Databricks supports the dbt task in AWS regions eu-west-1, ap-southeast-2, us-east-1, and us-west-2. See Supported Databricks clouds and regions.

Development and production workflow

Databricks recommends developing your dbt projects against a Databricks SQL warehouse. Using a Databricks SQL warehouse, you can test the SQL generated by dbt and use the SQL warehouse query history to debug the queries generated by dbt. To learn how to use dbt Core and the dbt-databricks package to create and run dbt projects in your development environment, see Connect to dbt Core.

To run your dbt transformations in production, Databricks recommends using the dbt task in a Databricks job. By default, the dbt task will run the dbt Python process on a single node job cluster, and the dbt generated SQL against the selected SQL warehouse.
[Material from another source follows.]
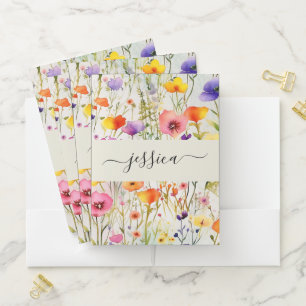Chic wildflowers pattern script name pocket folder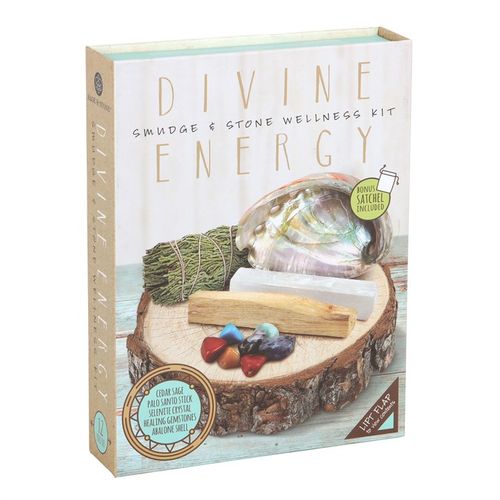Divine Energy Smudge and Stone Wellness Kit - Black Qubd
You can run dbt transformations on a Serverless SQL warehouse, an all-purpose cluster, or any other dbt-supported warehouse. This article discusses the first two options with examples.

Note

Developing dbt models against a SQL warehouse and running them in production on an all-purpose cluster can lead to subtle differences in performance and SQL language support. Databricks recommends using the same Databricks Runtime version for the all-purpose cluster and the SQL warehouse.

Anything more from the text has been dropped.